Commercial writers know that most people don’t want to read 1,000
words of closely-spaced text in order to see what they are writing about, so 
they also like to keep sentences and paragraphs short. 
They’ll even use lots of sub-headers so you can see what each paragraph is about 
before you read it.

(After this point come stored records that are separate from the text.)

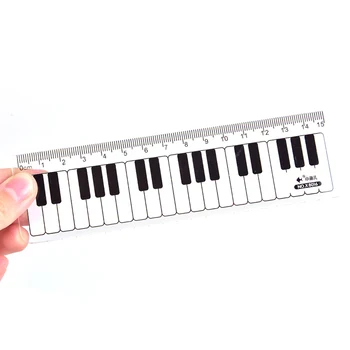 Kreatívne Klavíra Pravítko 15 cm 6in Hudobné Výrazy, Čierne a Biele Plastové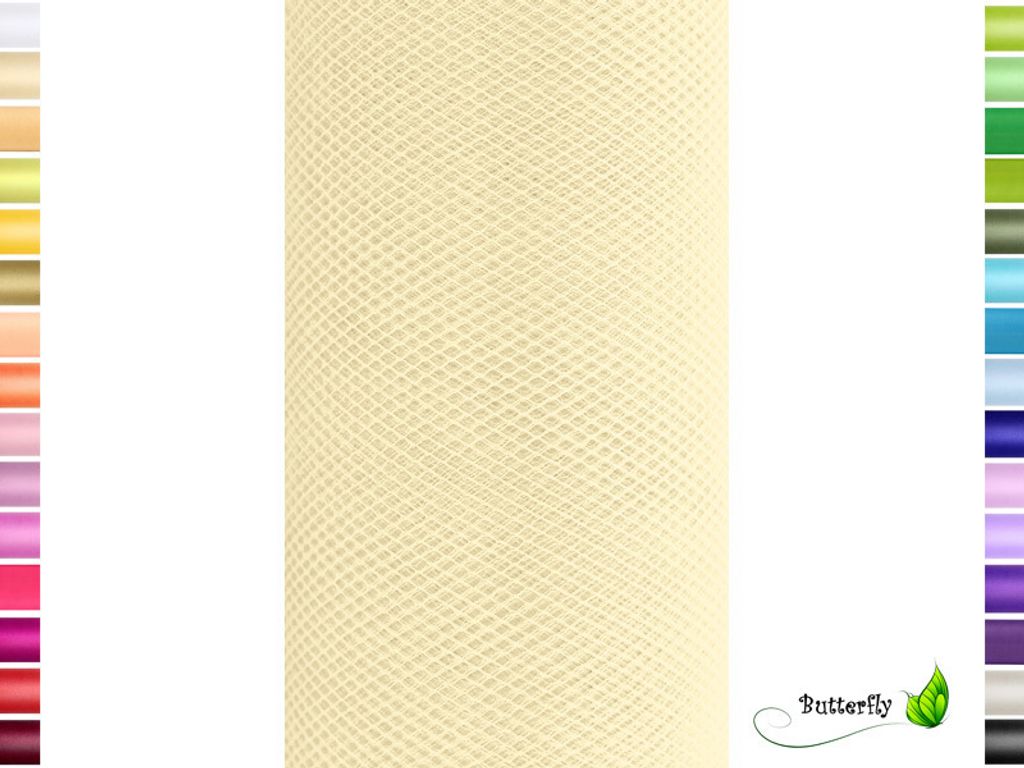 9m Rolle Tüll 15cm, Farbauswahl:creme / hellcreme 820 Produktbild 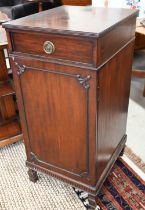 Antique mahogany side cabinet with single drawer and panelled cupboard, on square supports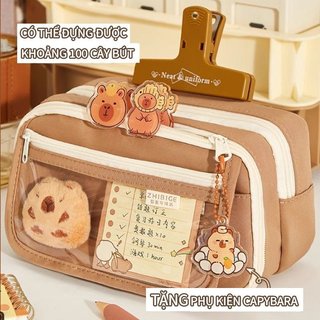 Hộp bút Capybara – Túi bút canvas nhiều ngăn, dung tích lớn – Dễ thương –Quà tặng học sinh–Kèm sticker,móc,gấu bông mini
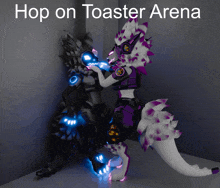 a drawing of a fox and a dragon with the words hop on toaster arena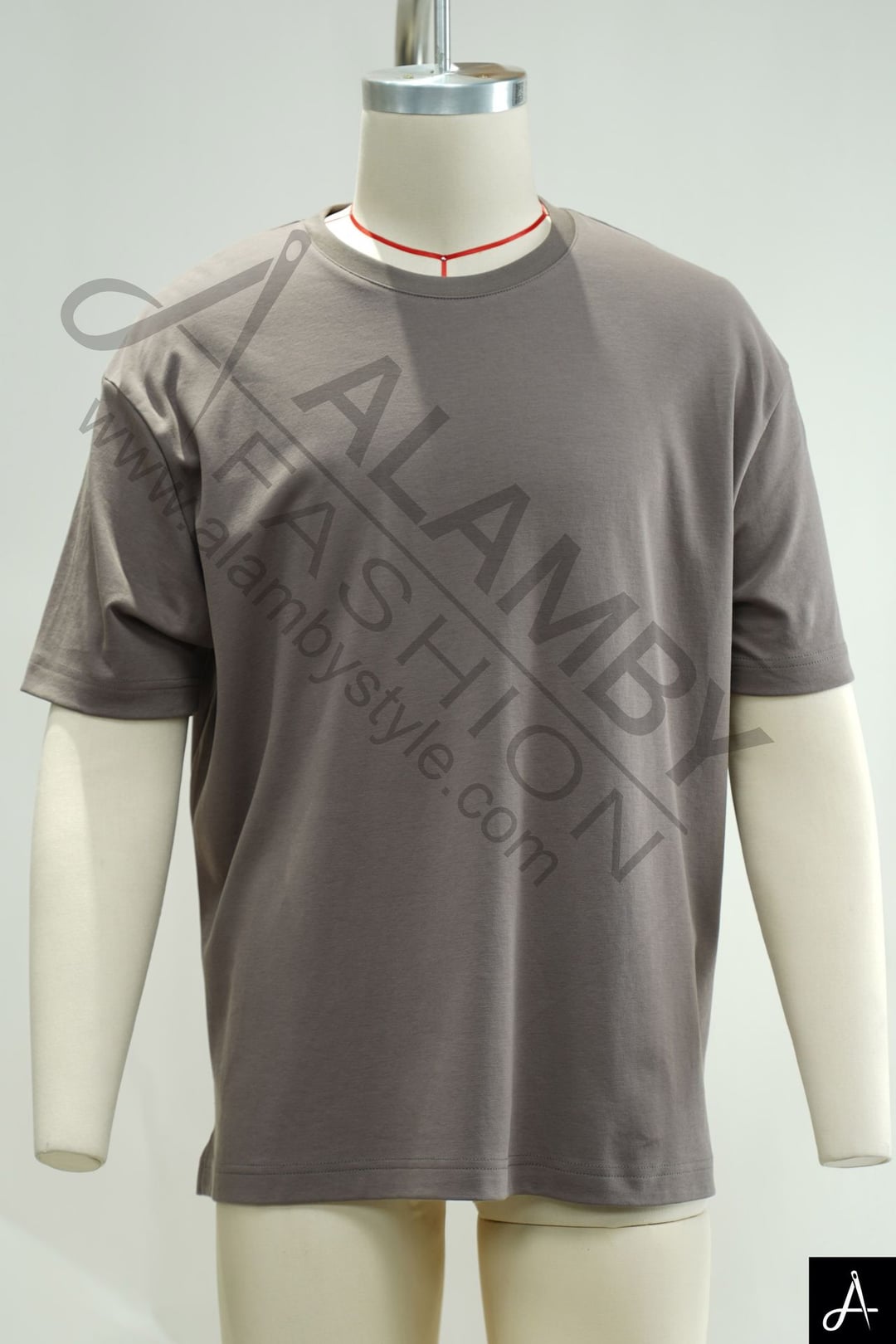 Men's Taupe Crew Neck Oversized Casual Short‑Sleeve T‑Shirt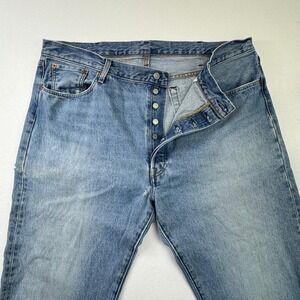 Levis 501 Original Fit Straight Leg Jeans Light Wash Button Fly W42 L34 Blue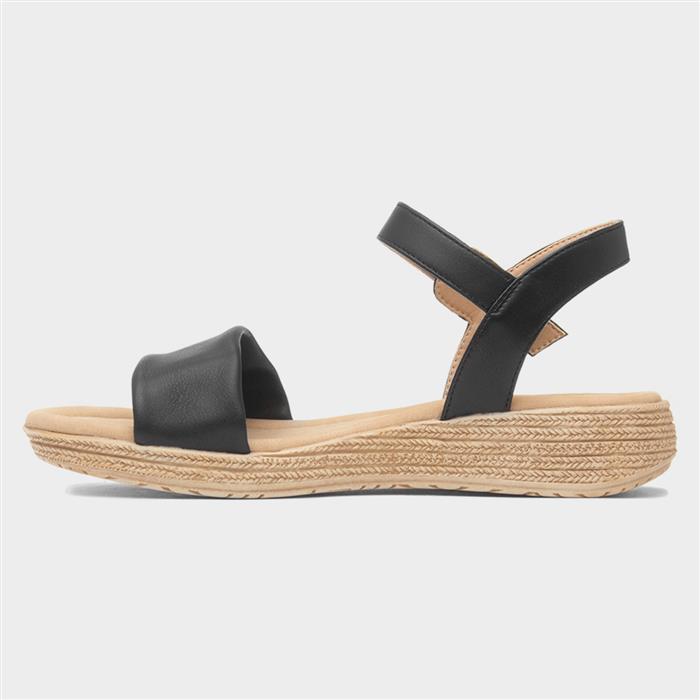 Sara Womens Black Buckle Sandal
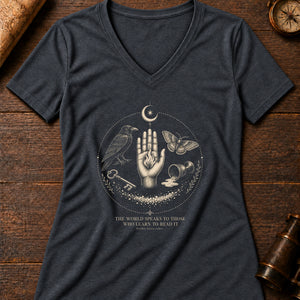 The Reader of Signs Women's V-Neck Tee — dark grey heather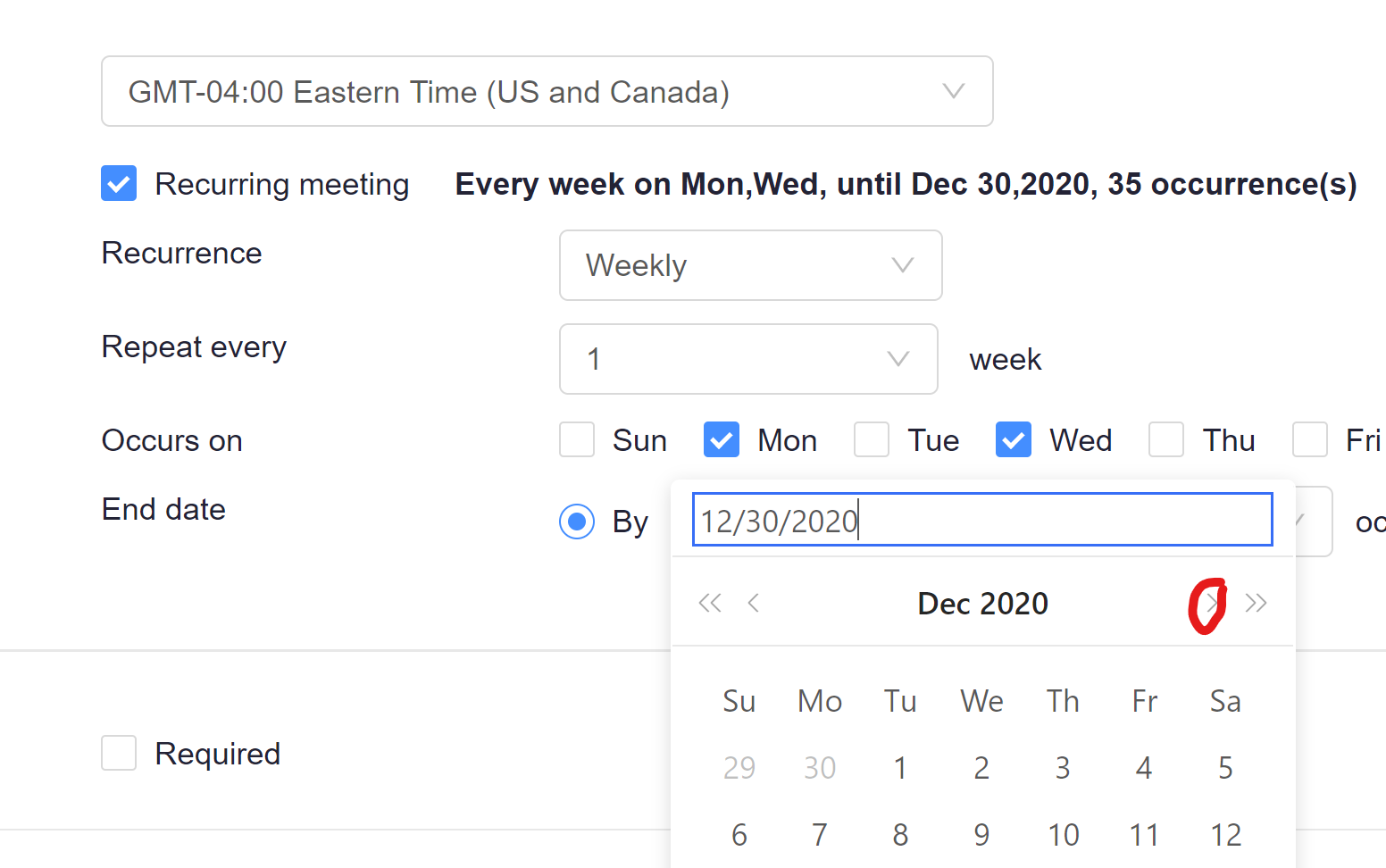 screenshot of selecting a month in the recurrence options.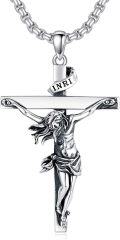 wholesale 925 Sterling Silver &  Jesus Christ Cross Pendant with INRI Inscription on Ribbon - Mens Crucifix Necklace 24 Chain Gift for Him-0-0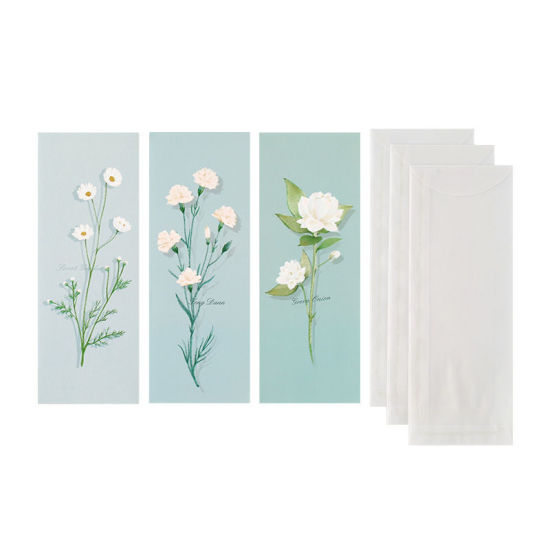 Image de Papier à Lettres en Papier Calque Enveloppe Feuilles de Fleur Bleu-Vert 21cm x 15cm 21.3cm x 7.9cm, 1 Kit ( 6 Pcs/Kit)
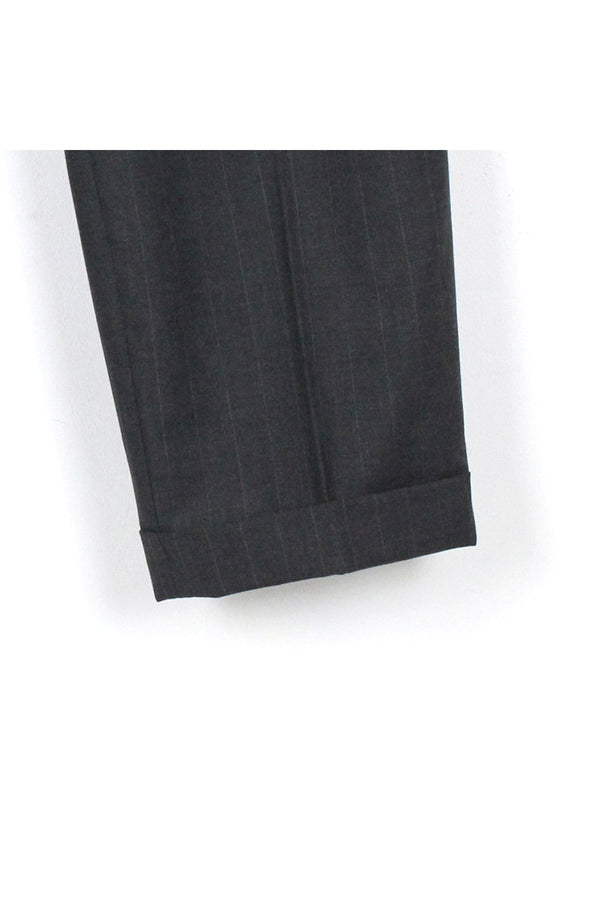 PIN STRIPE WOOL SLACKS / CHARCOAL [SIZE:29R DEADSTOCK/NOS]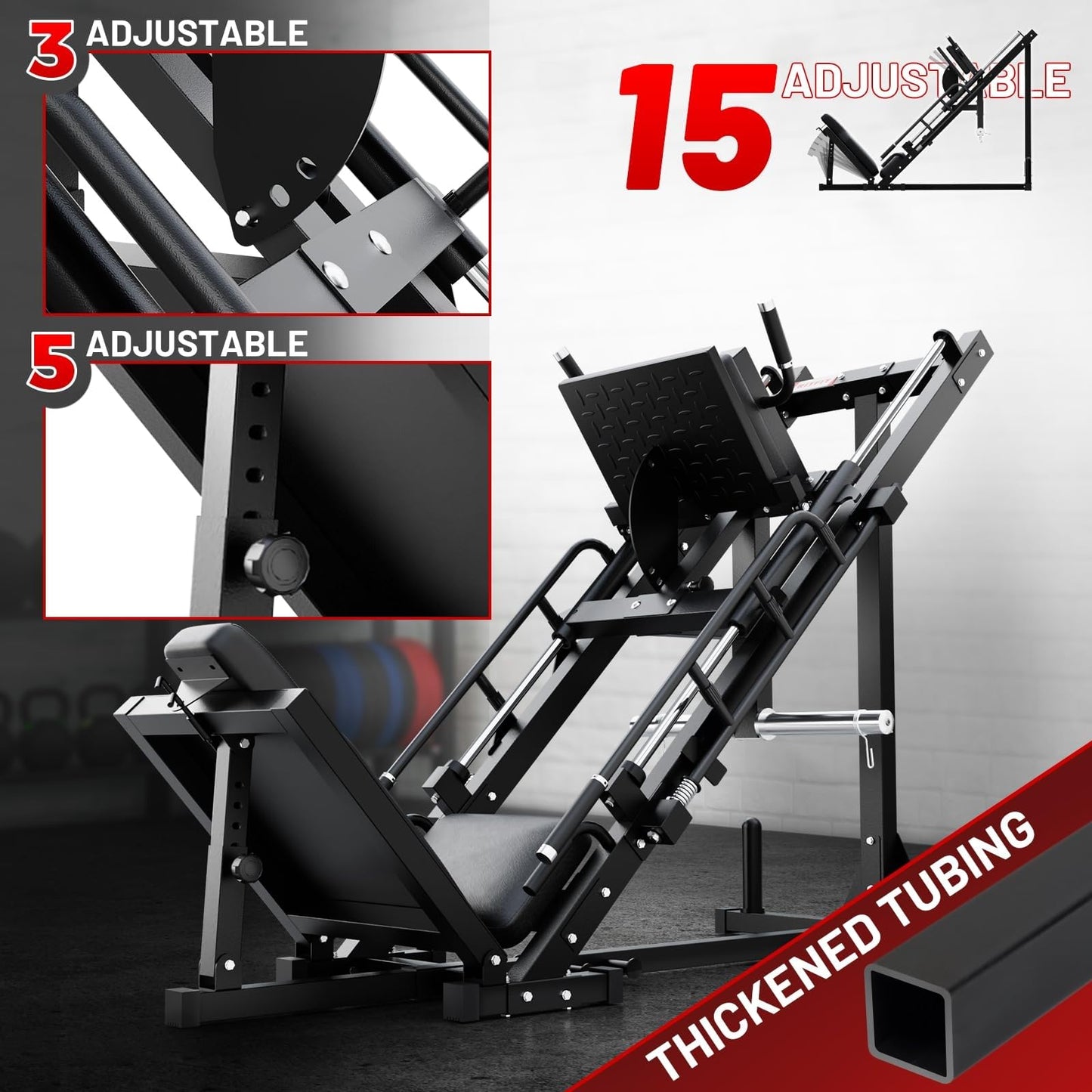 RitFit Leg Press Hack Squat Machine, Professional Adjustable Leg Press Machine for Home Gym with Linear Bearing, Full Lower Body Workout with Weight Storage (Black,with 35lb Rubber Weight Plates)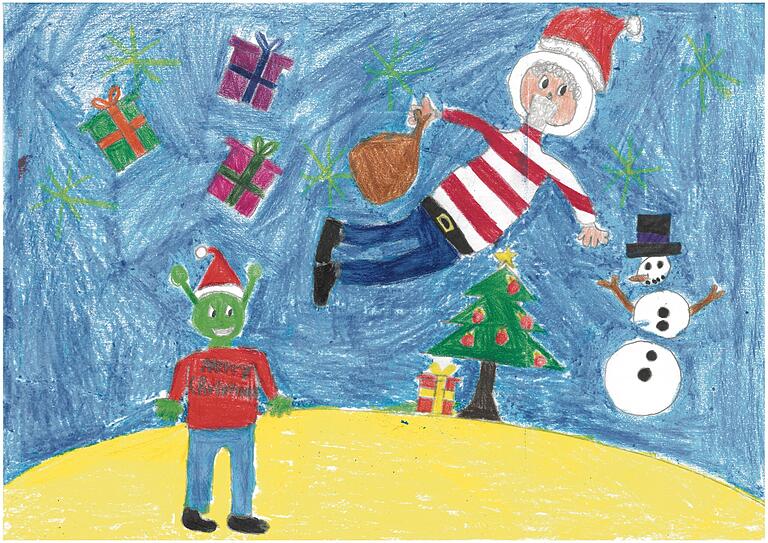 Weihnachtsmann und Schneemann schwerelos: Ben-Luca Markert (10) aus Burkardroth hat beim Mal-Wettbewerb 'Weihnachten einmal anders' gewonnen.
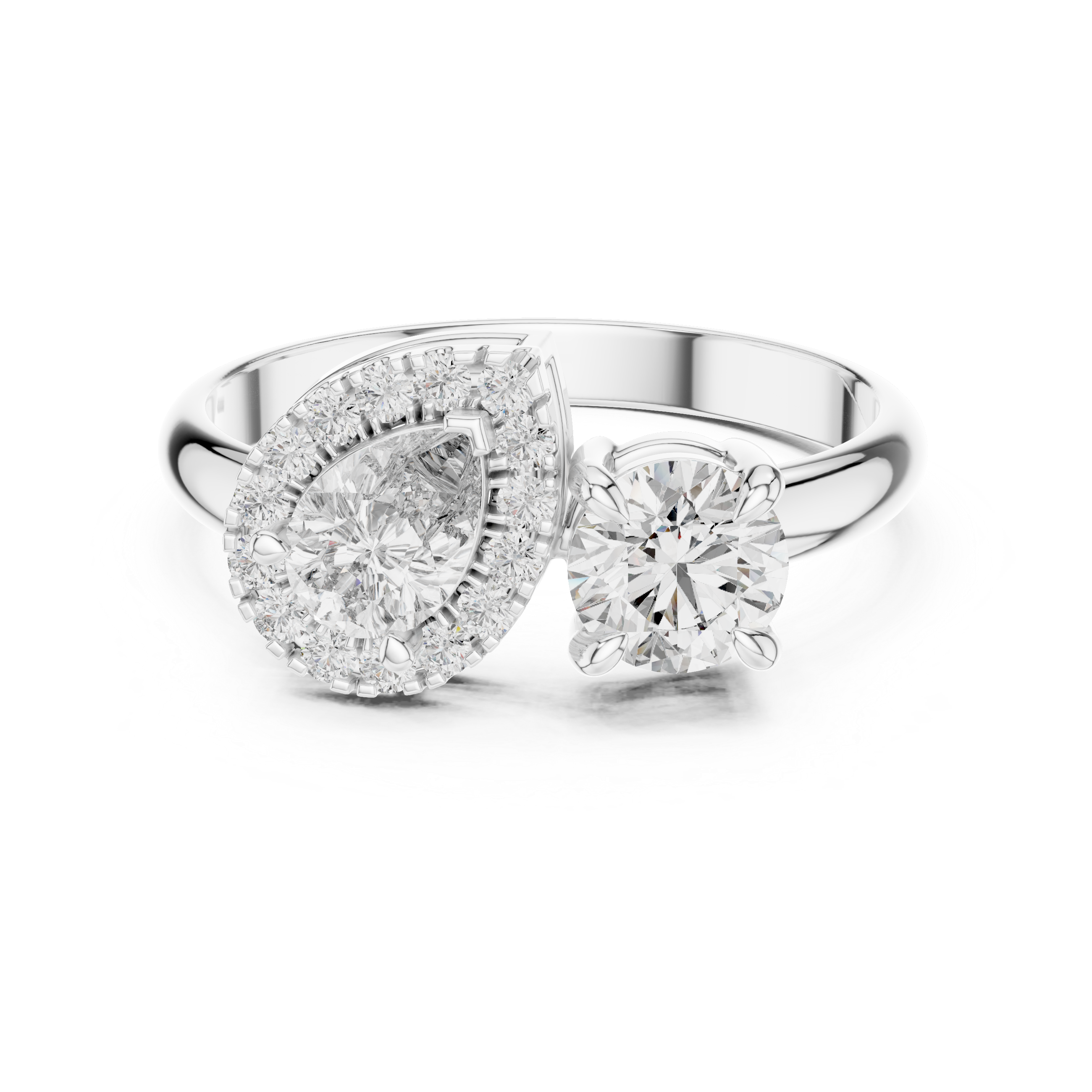 Halo Toi Et Moi Pear and Round Cut Moissanite Sterling Silver Ring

I need 1m dollar


In [125]:
for w in obj:
    print(type(w))
    break

<class 'spacy.tokens.token.Token'>


In [129]:
for w in obj:
    print(w.text)

Commercial
writers
know
that
most
people
do
n’t
want
to
read
1,000


words
of
closely
-
spaced
text
in
order
to
see
what
they
are
writing
about
,
so


they
also
like
to
keep
sentences
and
paragraphs
short
.


They
’ll
even
use
lots
of
sub
-
headers
so
you
can
see
what
each
paragraph
is
about


before
you
read
it
.
I
need
1
m
dollar


## Find out stop words

In [131]:
for w in obj:
    print((w,w.is_stop))

(Commercial, False)
(writers, False)
(know, False)
(that, True)
(most, True)
(people, False)
(do, True)
(n’t, True)
(want, False)
(to, True)
(read, False)
(1,000, False)
(
, False)
(words, False)
(of, True)
(closely, False)
(-, False)
(spaced, False)
(text, False)
(in, True)
(order, False)
(to, True)
(see, True)
(what, True)
(they, True)
(are, True)
(writing, False)
(about, True)
(,, False)
(so, True)
(
, False)
(they, True)
(also, True)
(like, False)
(to, True)
(keep, True)
(sentences, False)
(and, True)
(paragraphs, False)
(short, False)
(., False)
(
, False)
(They, True)
(’ll, True)
(even, True)
(use, False)
(lots, False)
(of, True)
(sub, False)
(-, False)
(headers, False)
(so, True)
(you, True)
(can, True)
(see, True)
(what, True)
(each, True)
(paragraph, False)
(is, True)
(about, True)
(
, False)
(before, True)
(you, True)
(read, False)
(it, True)
(., False)
(I, True)
(need, False)
(1, False)
(m, False)
(dollar, False)


In [134]:
print([w for w in obj if w.is_stop == True])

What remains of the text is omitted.